Ah, the bittersweet agony of a crush. That awful mix of exhilaration and anxiety, boldness and insecurity, hope and fear, giddiness and embarrassment.
For some, a crush is a stimulating and enjoyable diversion – part of the spice of life – but for others it can be a prison of private anguish. In serious cases, it can escalate into the altered mental state of limerence, where an infatuation becomes a life-disrupting obsession, best understood as addiction to another person.
Regardless of the intensity of a crush, or the consequences once it’s taken hold, there is a mystery at the heart of the phenomenon that isn’t easily explained: why do we develop crushes? What causes a crush to begin, and why do we even have the capacity to experience so peculiar a state?
There are, in fact, several layers to this question.
1. How does infatuation begin?
The first layer to consider is the how of infatuation. Fortunately, there is a pretty solid answer to this question. Infatuation is a product of neurochemistry. The emotional tumult of an intense crush comes from the combination of dopamine-driven reward, noradrenaline-driven arousal, and hormonally-driven bonding. Those wonderful feelings of giddy highs when they smile at us, laugh at our jokes, show interest in us and seem to care? All driven by well-established neural systems that regulate mate-seeking behaviour.
What’s more, the neuroscience of limerence – when the infatuation turns into obsession – is also well grounded in the neurobiology of behavioural addiction.
So, the basic mechanics of infatuation are understandable, but it’s an incomplete answer. It’s rather like understanding how a combustion engine powers a car: helpful to know, but it doesn’t explain where you’re going.
2. Why are some people special?
We don’t develop a crush for every attractive person we meet.
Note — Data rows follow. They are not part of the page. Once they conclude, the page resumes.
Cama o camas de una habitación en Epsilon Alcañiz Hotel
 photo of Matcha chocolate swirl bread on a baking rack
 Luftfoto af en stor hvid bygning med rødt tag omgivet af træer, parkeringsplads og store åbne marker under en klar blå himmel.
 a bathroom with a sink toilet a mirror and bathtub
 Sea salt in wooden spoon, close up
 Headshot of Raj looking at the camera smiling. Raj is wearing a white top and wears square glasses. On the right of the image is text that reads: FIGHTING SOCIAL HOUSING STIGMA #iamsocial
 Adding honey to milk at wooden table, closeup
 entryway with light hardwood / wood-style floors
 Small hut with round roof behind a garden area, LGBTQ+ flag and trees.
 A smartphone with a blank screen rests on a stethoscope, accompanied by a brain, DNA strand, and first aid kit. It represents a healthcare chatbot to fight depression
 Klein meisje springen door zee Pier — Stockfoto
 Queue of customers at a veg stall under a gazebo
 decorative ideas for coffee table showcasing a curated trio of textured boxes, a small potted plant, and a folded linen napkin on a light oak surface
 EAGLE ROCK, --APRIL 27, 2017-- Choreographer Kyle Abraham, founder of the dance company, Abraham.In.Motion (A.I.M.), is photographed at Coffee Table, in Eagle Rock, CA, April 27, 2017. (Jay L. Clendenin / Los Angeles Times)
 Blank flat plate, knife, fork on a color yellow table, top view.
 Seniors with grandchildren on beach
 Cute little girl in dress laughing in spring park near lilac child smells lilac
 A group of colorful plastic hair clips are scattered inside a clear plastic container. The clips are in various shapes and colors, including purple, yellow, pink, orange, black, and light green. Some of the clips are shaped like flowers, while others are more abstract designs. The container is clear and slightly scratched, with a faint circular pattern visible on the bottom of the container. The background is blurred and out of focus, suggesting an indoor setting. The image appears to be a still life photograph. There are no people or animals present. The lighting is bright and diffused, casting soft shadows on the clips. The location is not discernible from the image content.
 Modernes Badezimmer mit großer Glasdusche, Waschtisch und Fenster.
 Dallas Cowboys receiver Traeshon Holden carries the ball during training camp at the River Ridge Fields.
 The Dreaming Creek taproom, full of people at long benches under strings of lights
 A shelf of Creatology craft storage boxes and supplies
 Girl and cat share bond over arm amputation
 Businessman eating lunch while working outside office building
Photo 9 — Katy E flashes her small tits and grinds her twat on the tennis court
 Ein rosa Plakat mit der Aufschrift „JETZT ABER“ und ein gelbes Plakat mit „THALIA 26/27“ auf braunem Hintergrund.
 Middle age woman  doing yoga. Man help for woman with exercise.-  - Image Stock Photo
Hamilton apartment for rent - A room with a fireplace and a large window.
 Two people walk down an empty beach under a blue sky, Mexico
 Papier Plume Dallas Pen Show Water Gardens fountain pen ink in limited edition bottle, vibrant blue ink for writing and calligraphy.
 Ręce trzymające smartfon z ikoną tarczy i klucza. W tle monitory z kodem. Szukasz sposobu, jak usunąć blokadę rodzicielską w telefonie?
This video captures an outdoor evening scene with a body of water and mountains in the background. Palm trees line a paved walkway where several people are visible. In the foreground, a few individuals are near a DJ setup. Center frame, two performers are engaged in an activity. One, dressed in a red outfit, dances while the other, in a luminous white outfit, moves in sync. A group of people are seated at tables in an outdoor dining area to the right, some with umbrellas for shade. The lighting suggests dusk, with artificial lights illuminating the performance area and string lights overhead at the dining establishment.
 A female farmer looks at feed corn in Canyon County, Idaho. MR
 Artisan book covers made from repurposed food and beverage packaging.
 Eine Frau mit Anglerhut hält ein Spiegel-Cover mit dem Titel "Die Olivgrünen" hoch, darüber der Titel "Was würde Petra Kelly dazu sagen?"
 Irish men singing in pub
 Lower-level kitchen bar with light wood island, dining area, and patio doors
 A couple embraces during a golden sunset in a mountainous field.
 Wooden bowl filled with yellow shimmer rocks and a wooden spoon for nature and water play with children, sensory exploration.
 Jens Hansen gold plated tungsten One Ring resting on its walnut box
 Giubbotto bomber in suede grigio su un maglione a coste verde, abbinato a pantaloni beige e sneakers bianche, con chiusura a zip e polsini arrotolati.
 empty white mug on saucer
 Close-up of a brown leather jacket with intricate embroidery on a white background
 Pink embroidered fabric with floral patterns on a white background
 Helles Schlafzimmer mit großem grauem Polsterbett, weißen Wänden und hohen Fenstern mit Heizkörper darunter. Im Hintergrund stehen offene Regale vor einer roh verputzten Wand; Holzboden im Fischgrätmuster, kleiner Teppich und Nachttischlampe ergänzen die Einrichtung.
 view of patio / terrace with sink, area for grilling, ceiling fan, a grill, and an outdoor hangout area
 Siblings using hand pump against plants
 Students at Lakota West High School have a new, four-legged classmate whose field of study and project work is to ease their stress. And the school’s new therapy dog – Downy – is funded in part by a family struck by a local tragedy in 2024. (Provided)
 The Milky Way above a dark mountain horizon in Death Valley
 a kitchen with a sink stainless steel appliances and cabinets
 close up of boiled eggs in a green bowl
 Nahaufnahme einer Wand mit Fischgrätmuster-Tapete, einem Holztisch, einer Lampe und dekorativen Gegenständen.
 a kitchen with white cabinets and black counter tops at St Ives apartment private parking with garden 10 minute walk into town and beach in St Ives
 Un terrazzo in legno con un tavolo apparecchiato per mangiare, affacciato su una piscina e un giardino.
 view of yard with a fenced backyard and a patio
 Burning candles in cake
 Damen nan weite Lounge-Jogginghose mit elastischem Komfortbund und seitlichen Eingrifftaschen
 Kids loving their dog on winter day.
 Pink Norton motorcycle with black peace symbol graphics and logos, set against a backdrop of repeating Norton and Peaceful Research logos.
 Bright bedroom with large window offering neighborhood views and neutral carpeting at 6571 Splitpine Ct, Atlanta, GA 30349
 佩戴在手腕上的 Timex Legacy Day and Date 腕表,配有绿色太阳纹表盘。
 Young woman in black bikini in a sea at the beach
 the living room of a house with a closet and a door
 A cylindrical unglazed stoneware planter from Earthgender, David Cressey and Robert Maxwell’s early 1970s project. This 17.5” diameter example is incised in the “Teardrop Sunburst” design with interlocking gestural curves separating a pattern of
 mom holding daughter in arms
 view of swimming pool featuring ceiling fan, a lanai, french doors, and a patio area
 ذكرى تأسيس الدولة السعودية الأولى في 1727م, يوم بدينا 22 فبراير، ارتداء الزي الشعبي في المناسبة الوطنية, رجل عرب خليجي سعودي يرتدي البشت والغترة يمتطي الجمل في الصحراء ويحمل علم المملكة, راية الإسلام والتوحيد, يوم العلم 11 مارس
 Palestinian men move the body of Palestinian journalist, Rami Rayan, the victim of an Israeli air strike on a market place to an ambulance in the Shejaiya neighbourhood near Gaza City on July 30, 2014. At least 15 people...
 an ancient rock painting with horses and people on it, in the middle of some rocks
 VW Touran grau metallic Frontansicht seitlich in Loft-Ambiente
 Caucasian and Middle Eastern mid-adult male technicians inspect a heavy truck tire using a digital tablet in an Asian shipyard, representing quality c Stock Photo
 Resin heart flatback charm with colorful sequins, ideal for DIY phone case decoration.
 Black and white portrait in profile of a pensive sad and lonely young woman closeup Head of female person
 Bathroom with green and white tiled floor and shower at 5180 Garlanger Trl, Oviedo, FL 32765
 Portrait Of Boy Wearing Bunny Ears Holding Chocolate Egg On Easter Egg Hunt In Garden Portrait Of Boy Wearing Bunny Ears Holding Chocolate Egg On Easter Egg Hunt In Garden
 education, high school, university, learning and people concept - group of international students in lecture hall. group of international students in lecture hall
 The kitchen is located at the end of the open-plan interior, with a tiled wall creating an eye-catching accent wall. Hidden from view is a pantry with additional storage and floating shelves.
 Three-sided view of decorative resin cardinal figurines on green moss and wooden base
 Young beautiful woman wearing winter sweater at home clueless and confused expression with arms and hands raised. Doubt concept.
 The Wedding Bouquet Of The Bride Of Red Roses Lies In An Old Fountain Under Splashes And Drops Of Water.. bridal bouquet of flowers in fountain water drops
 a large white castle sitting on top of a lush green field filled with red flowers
Some people are special. When it comes to limerence, I call this special sense of romantic potency “the glimmer” – the ineffable spark of glamourous energy that some people seem to radiate.
It isn’t so clear where this idiosyncratic connection comes from. Certainly, there is good psychological research that people have a romantic “type” that they are more likely to respond to, but the origins of these preferences are complex. There is evidence that it is partly genetics, partly sensory, partly due to formative experiences during various key stages of development. Mix in experiences with previous partners, the influence of celebrities and role models in adolescence, half-remembered stories from childhood, and you have a nicely blended romantic stew.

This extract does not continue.